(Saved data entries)
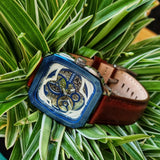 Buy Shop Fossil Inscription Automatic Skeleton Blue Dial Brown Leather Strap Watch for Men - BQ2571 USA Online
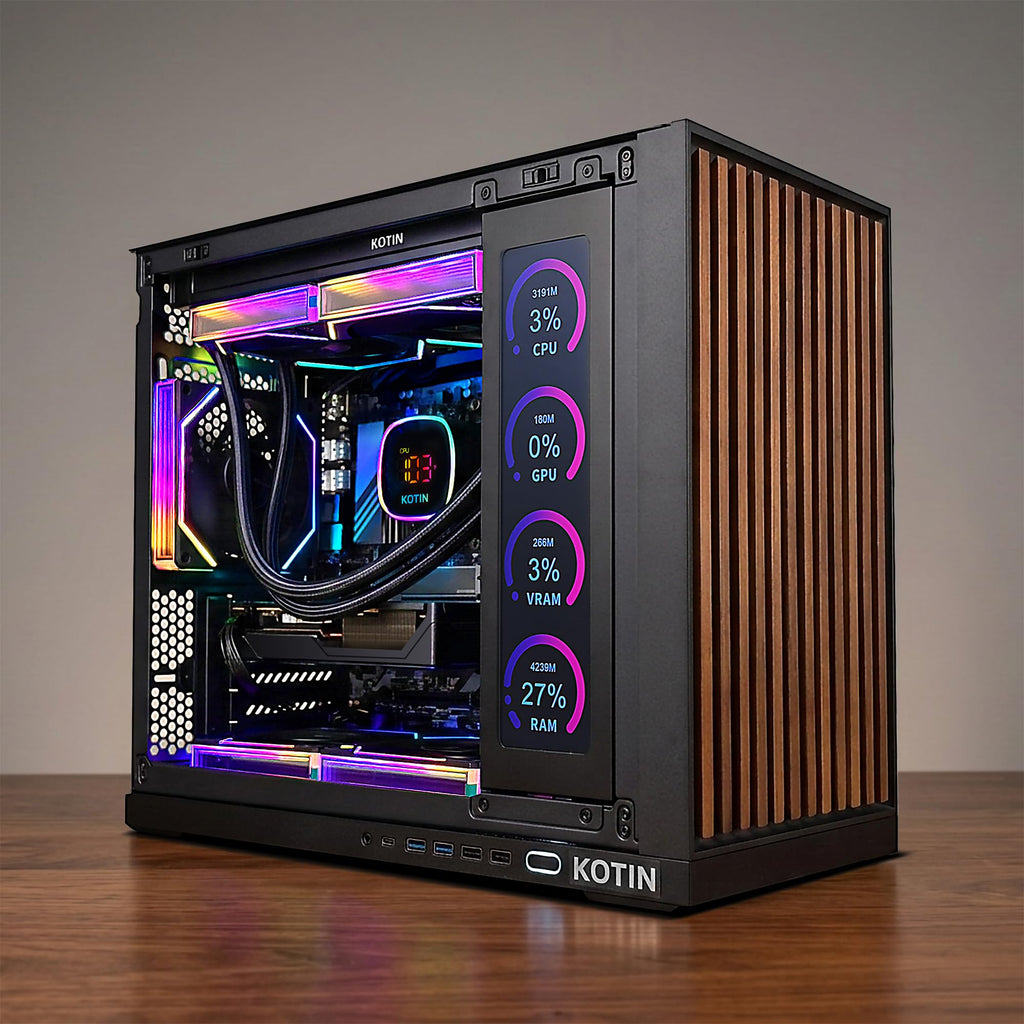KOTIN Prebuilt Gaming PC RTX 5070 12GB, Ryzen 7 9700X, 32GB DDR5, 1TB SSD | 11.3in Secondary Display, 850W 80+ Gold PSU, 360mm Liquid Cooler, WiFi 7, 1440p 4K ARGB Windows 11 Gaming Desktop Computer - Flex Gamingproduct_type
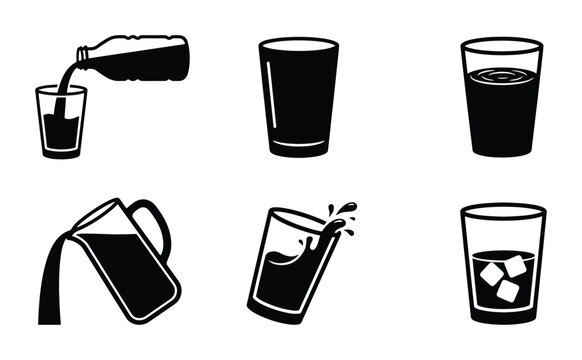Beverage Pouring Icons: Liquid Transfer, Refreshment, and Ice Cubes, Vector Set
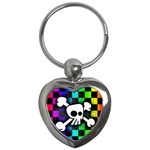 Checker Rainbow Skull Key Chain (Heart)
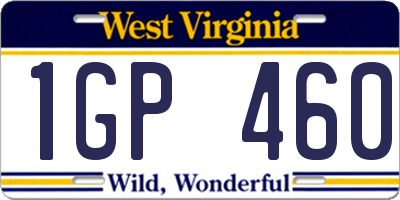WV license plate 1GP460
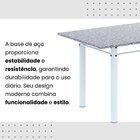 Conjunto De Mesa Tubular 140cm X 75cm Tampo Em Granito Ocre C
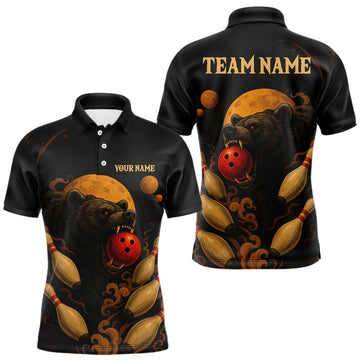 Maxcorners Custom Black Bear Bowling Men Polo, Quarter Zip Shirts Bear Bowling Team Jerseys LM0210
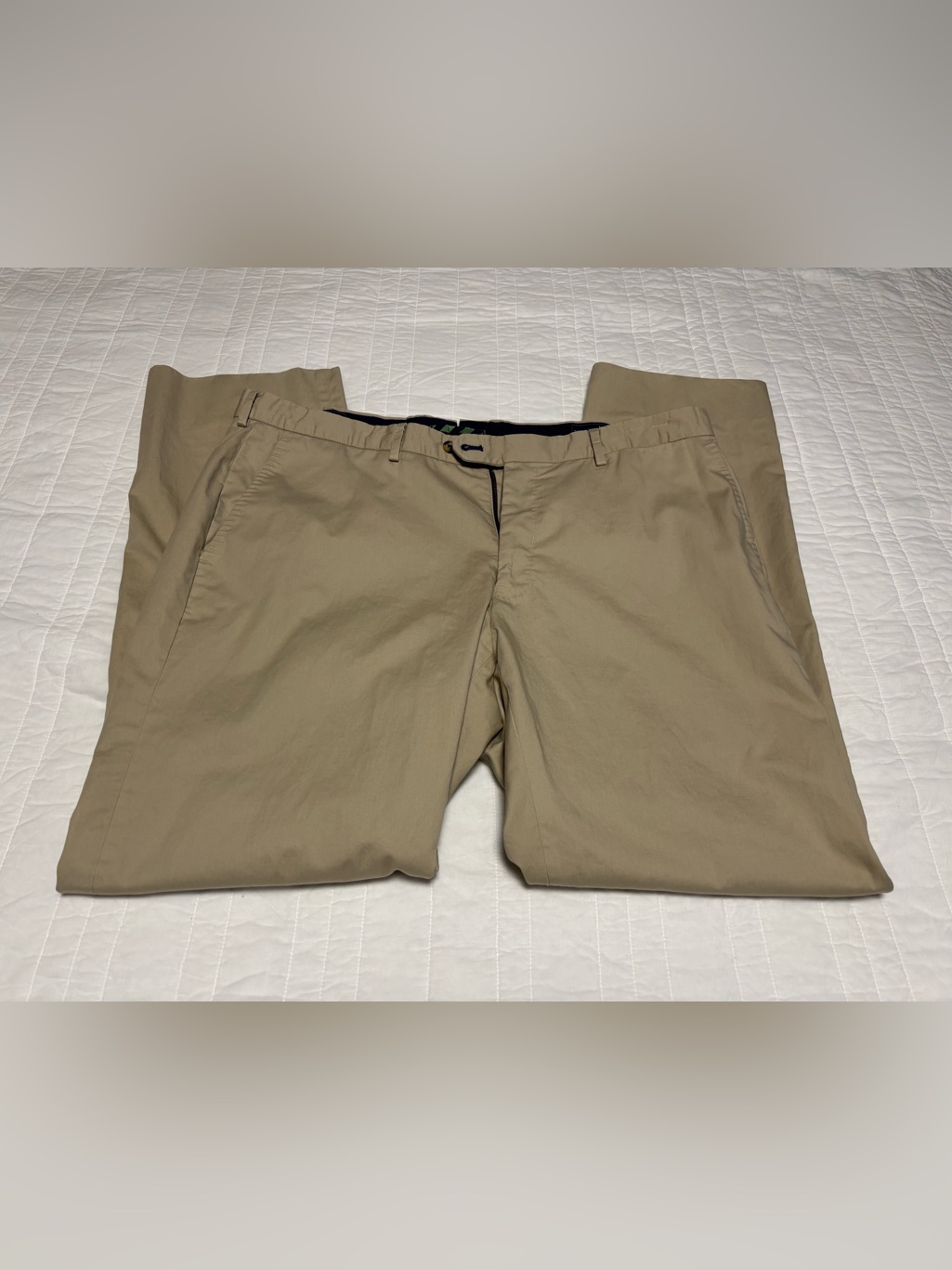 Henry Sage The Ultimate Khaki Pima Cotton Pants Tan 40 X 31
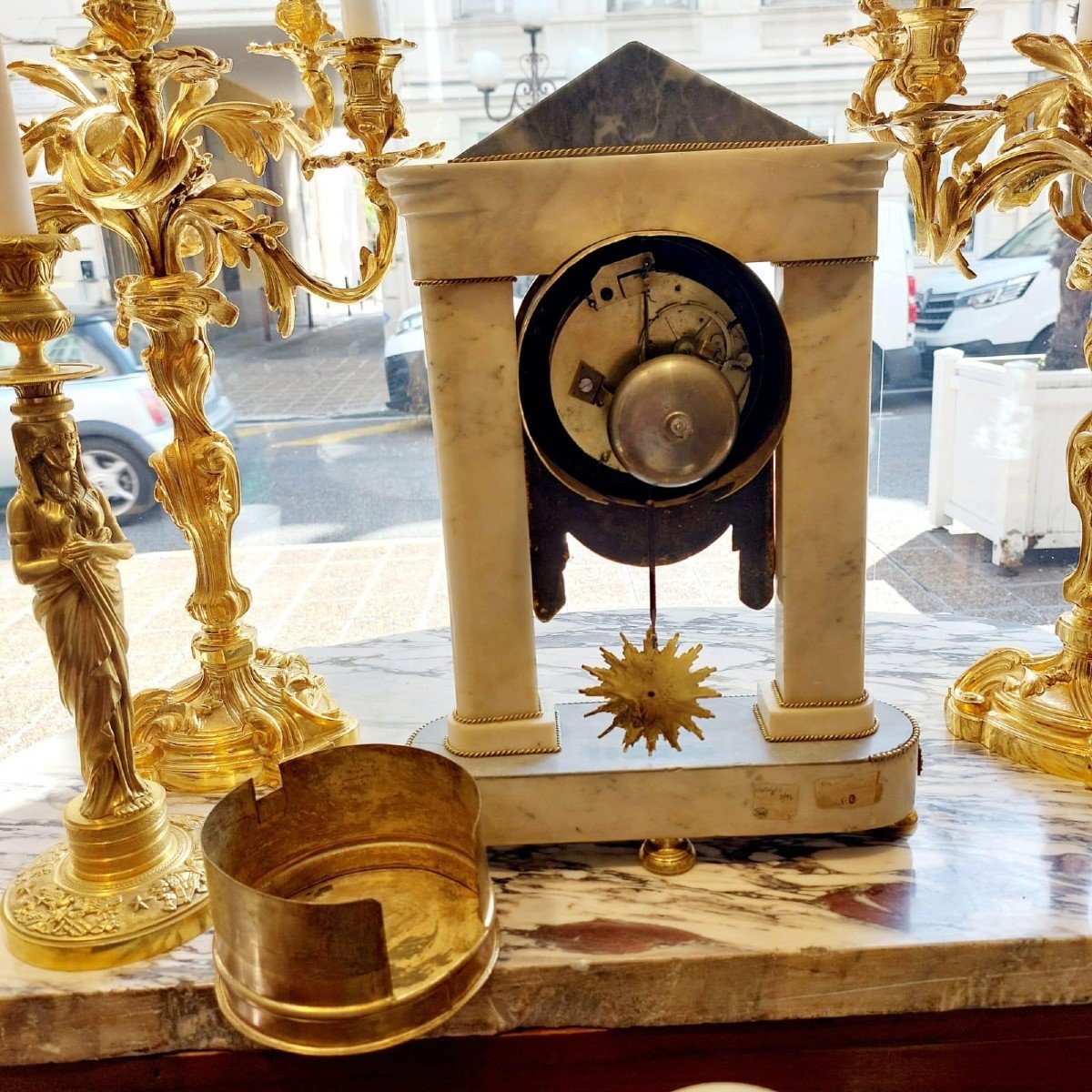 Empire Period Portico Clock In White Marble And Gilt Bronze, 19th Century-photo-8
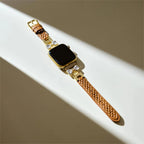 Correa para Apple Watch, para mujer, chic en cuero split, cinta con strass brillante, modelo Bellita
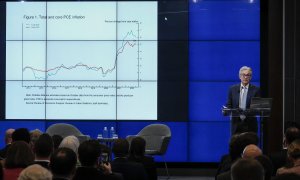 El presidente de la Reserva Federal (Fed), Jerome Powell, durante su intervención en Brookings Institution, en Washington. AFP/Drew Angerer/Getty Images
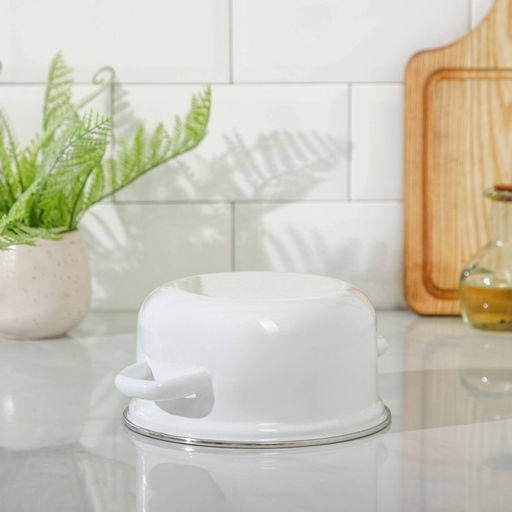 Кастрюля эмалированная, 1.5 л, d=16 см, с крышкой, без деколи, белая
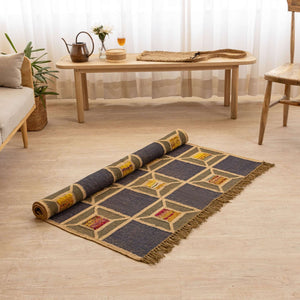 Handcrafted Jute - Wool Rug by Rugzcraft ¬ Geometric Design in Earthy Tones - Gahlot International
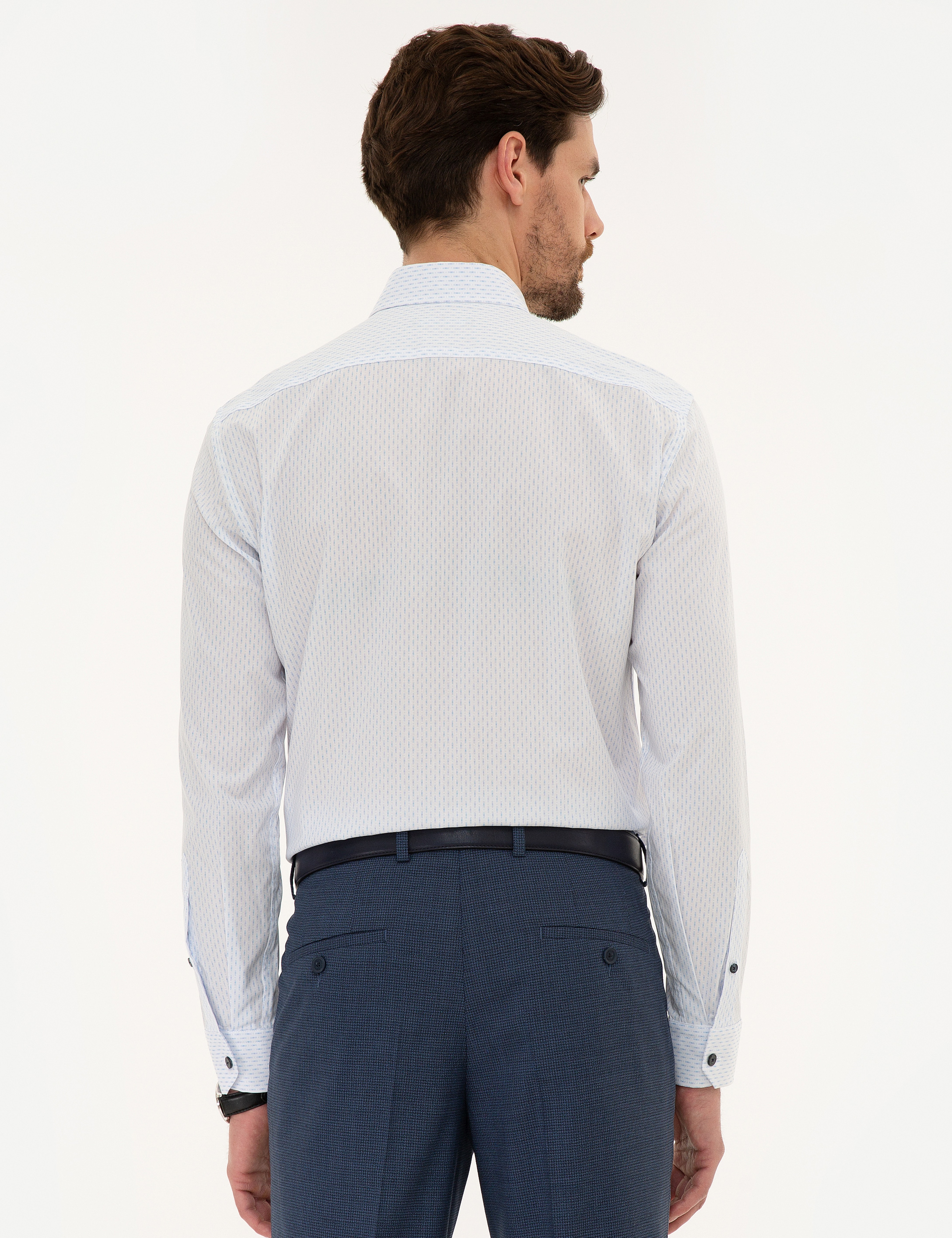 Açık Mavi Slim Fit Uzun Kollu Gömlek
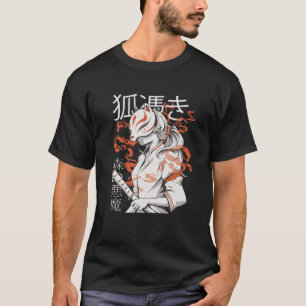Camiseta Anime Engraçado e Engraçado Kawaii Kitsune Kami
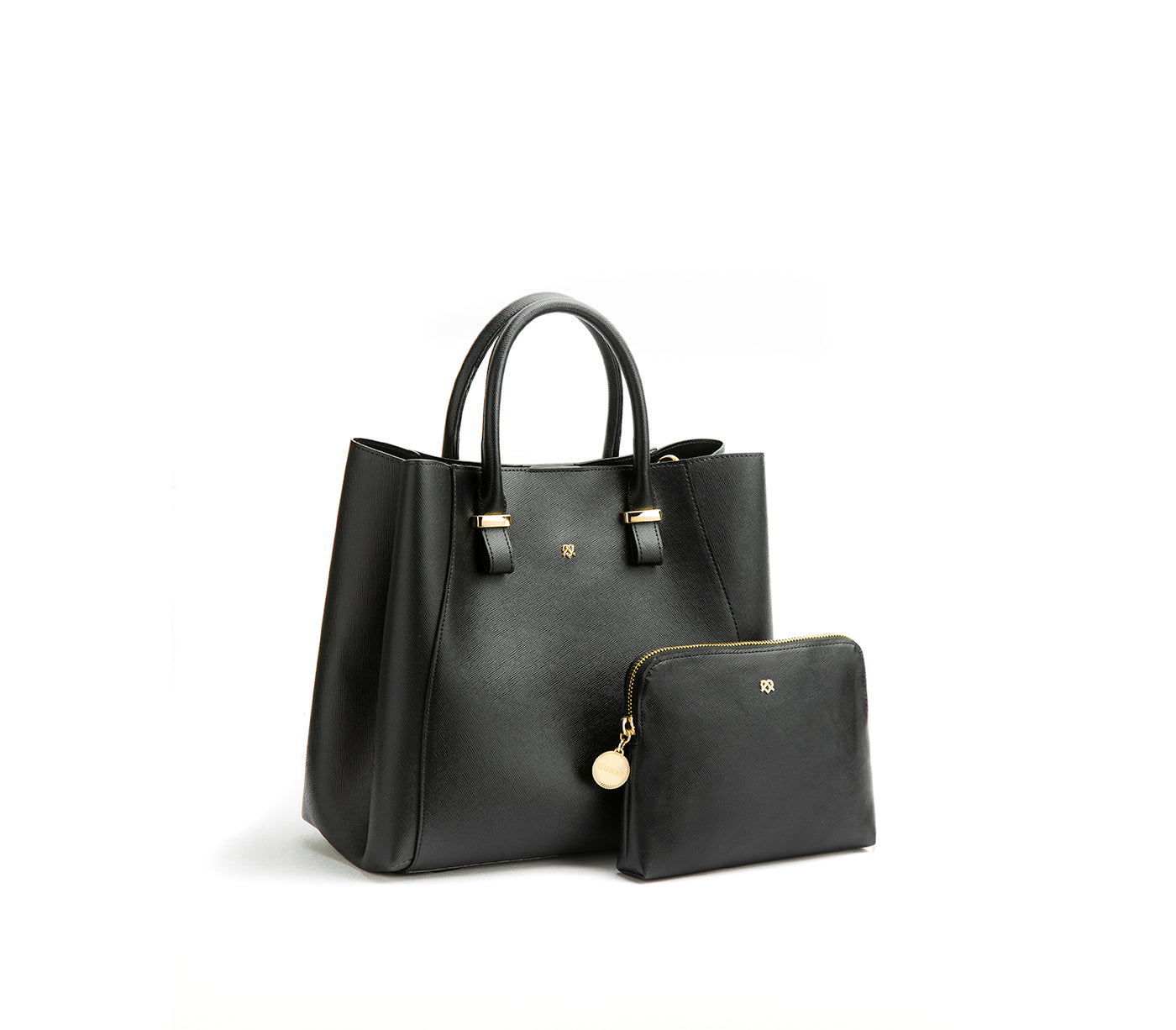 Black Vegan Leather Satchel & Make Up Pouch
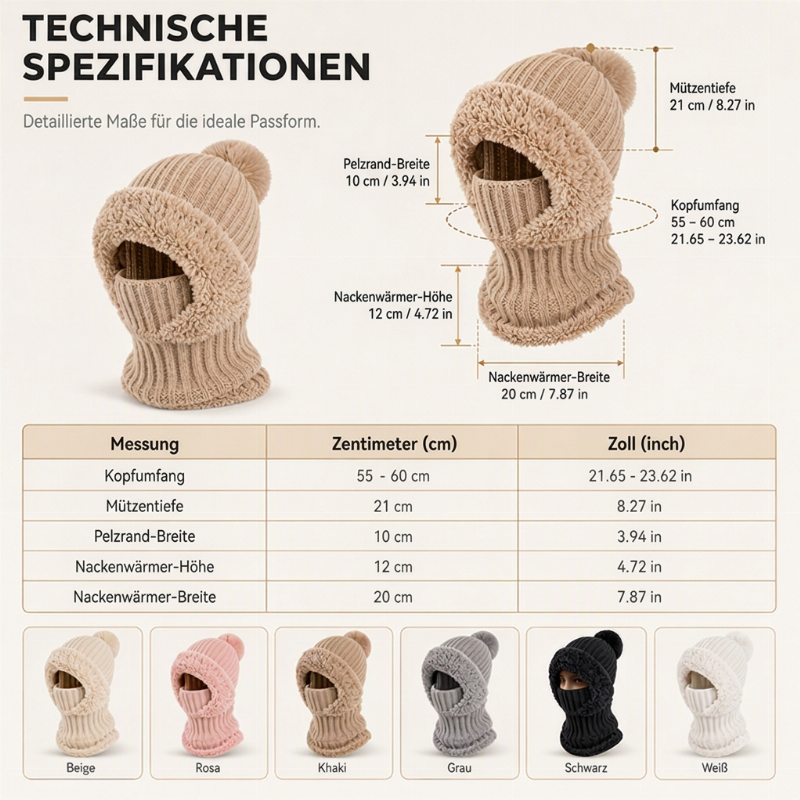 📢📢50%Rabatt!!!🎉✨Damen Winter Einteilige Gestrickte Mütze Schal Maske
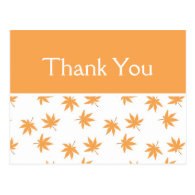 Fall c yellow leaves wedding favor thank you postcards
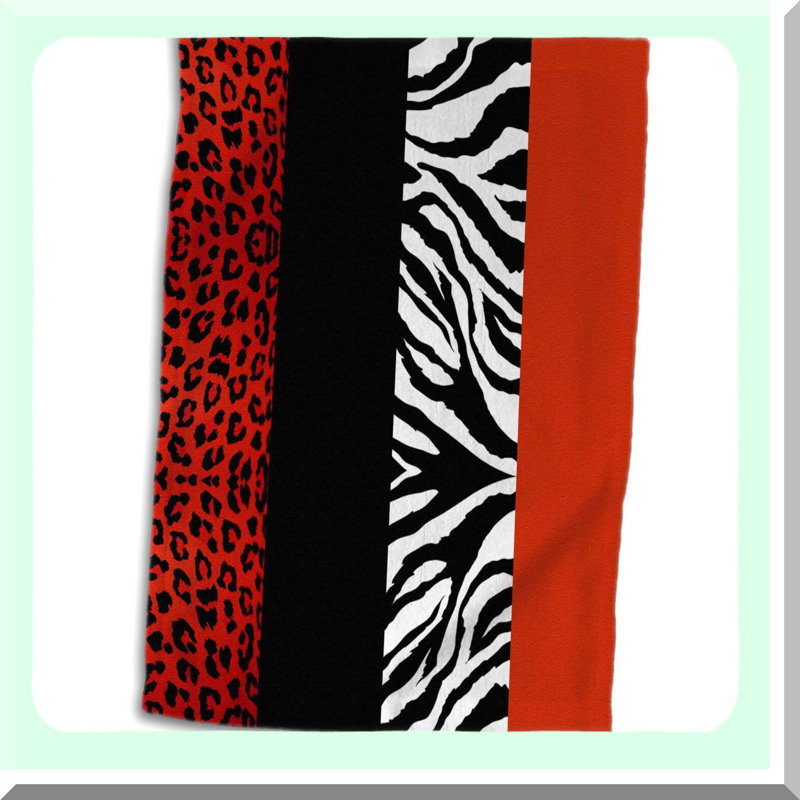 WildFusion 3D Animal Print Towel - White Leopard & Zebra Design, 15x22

**Directions:** Repeat the records above exactly, from the first line through the line that contains "Conjunto De Mesa", and leave out the pictures.

**Written answer:**
 Buy Shop Fossil Inscription Automatic Skeleton Blue Dial Brown Leather Strap Watch for Men - BQ2571 USA Online
KOTIN Prebuilt Gaming PC RTX 5070 12GB, Ryzen 7 9700X, 32GB DDR5, 1TB SSD | 11.3in Secondary Display, 850W 80+ Gold PSU, 360mm Liquid Cooler, WiFi 7, 1440p 4K ARGB Windows 11 Gaming Desktop Computer - Flex Gamingproduct_type
Beverage Pouring Icons: Liquid Transfer, Refreshment, and Ice Cubes, Vector Set
 Checker Rainbow Skull Key Chain (Heart)
WV license plate 1GP460
 Conjunto De Mesa Tubular 140cm X 75cm Tampo Em Granito Ocre C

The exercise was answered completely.